→ **TASK DIRECTIONS**
Every entry must reappear in your answer exactly as written, though its pictures must not.
INFORMATION SUPPLIED: Begin
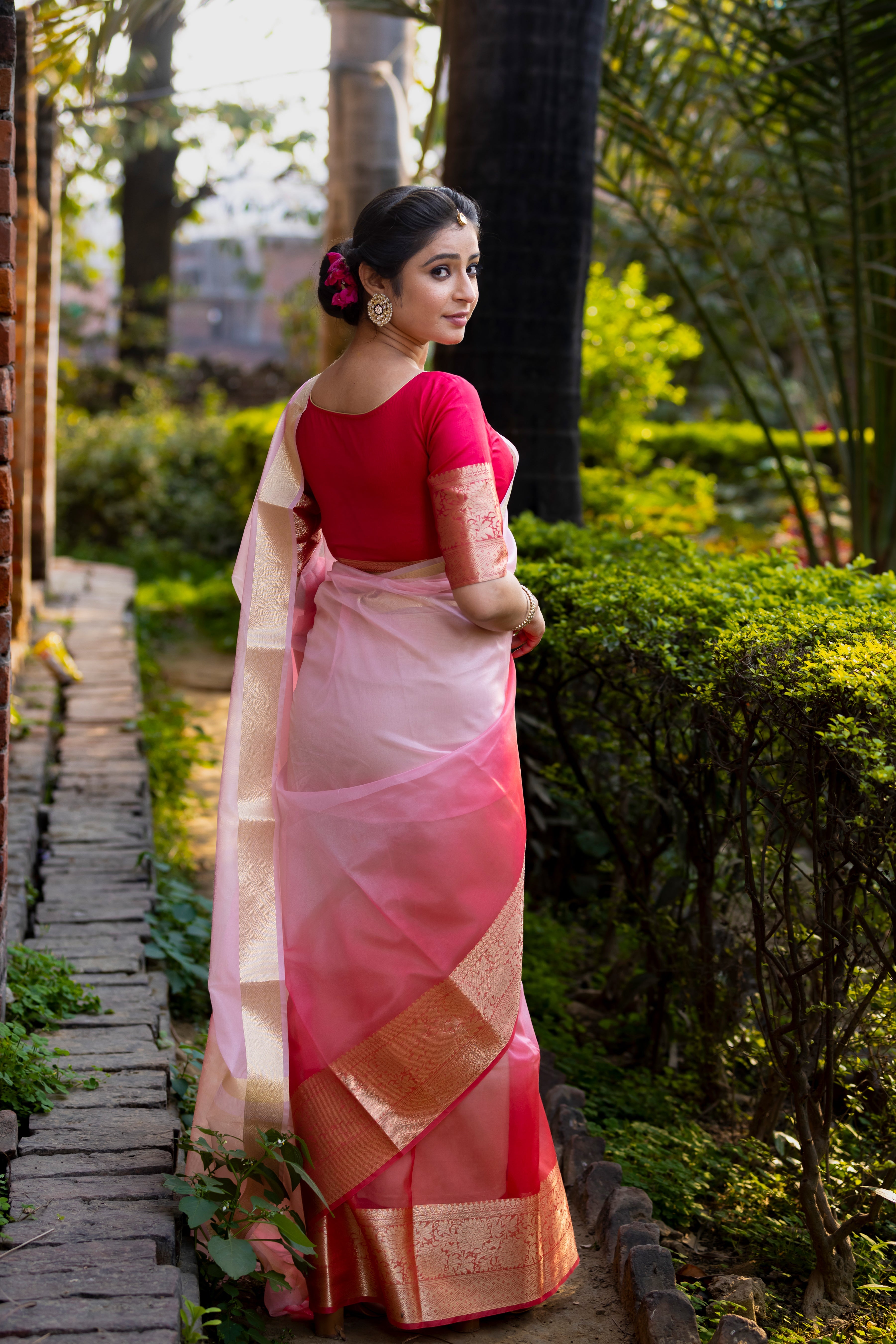 Rani Blush Pink Banarasi Woven Soft Organza Skirt Border Saree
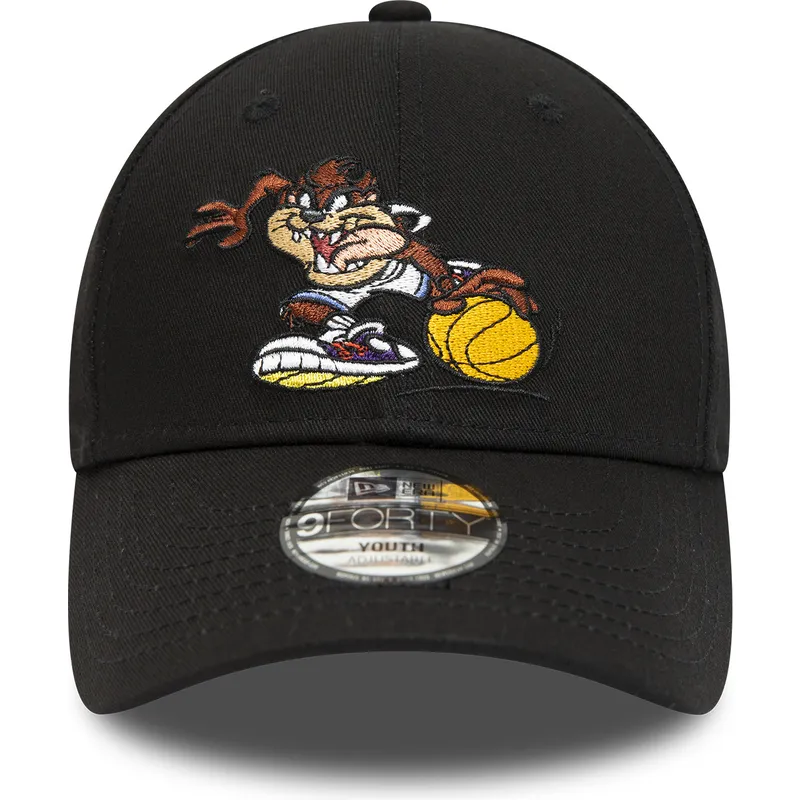 mutzen-gebogen-schwarz-verstellbares-band-fur-kinder-9forty-sporty-de-diablo-der-tasmania-looney-tunes-von-new-era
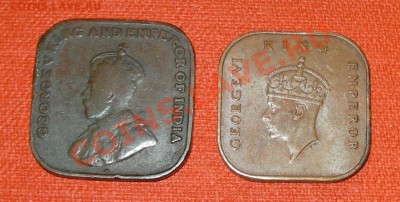 Квадратные 2 шт. Стрейт-Сеттлментс 1ц.1919 и Малайя 1ц.1943 - квадр1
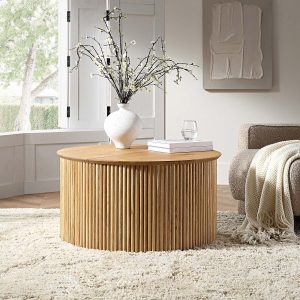 maru oak round coffee table with storage, oak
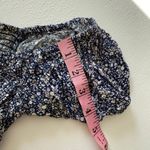 Aeropostale Aéropostale Blue Floral Ruched Crop Top S Puff Sleeve Drawstring Y2K Cute Blouse Photo 5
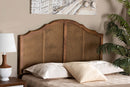 Alinia Ash Walnut and Synthetic Rattan Queen Size Arched Headboard Baxton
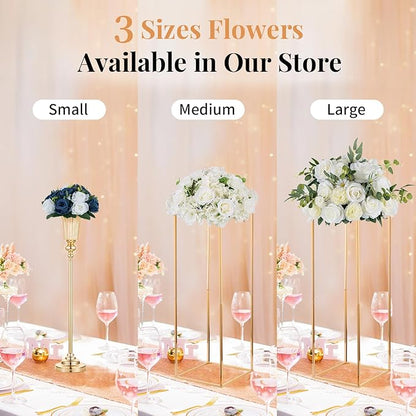 NUPTIO Artificial Flower Centrepieces for Tables - 10 Pcs Navy Blue & White Fake Flowers Roses Balls 9.5in Diameter - Silk Faux Rose Arrangement for Wedding Party Centerpiece Table Decorations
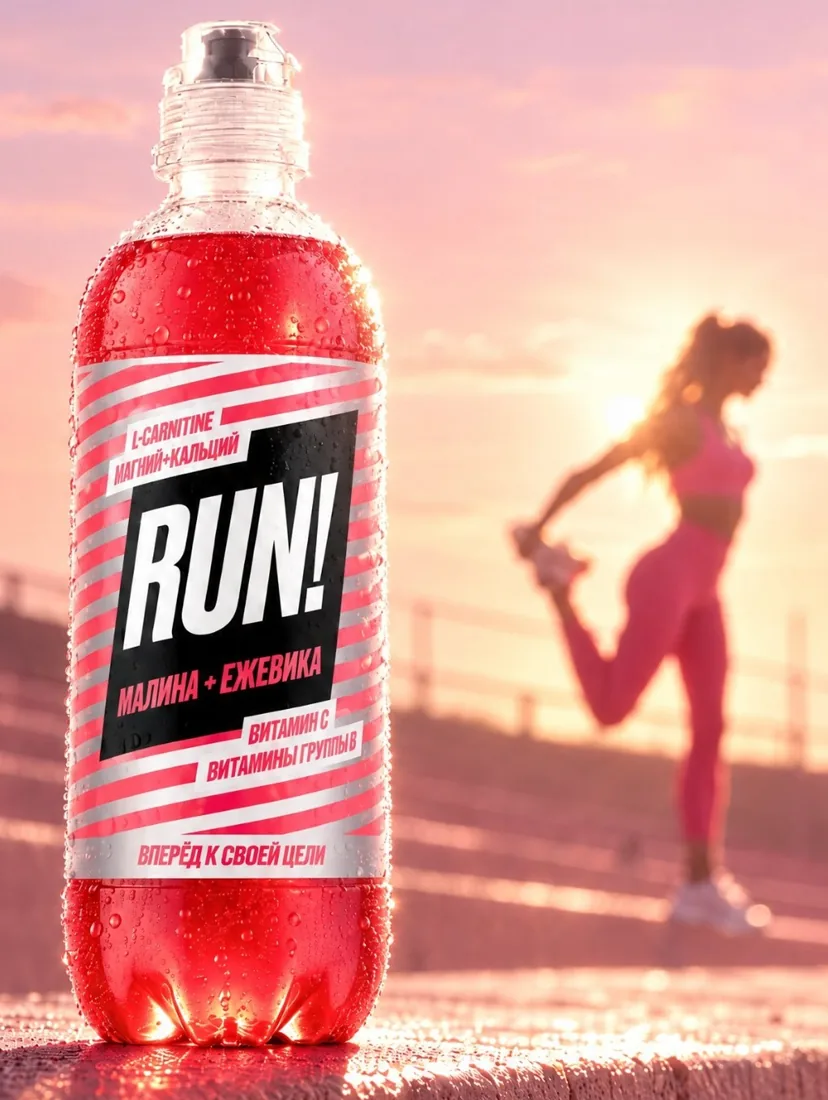 Бутылка RUN! Малина + Ежевика, 0,5 л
INFORMATION SUPPLIED: End
→ **EXPECTED OUTPUT**
 Rani Blush Pink Banarasi Woven Soft Organza Skirt Border Saree
 mutzen-gebogen-schwarz-verstellbares-band-fur-kinder-9forty-sporty-de-diablo-der-tasmania-looney-tunes-von-new-era
 Квадратные 2 шт. Стрейт-Сеттлментс 1ц.1919 и Малайя 1ц.1943 - квадр1
 maru oak round coffee table with storage, oak
 Aeropostale Aéropostale Blue Floral Ruched Crop Top S Puff Sleeve Drawstring Y2K Cute Blouse Photo 5
 Alinia Ash Walnut and Synthetic Rattan Queen Size Arched Headboard Baxton
 NUPTIO Artificial Flower Centrepieces for Tables - 10 Pcs Navy Blue & White Fake Flowers Roses Balls 9.5in Diameter - Silk Faux Rose Arrangement for Wedding Party Centerpiece Table Decorations
 Бутылка RUN! Малина + Ежевика, 0,5 л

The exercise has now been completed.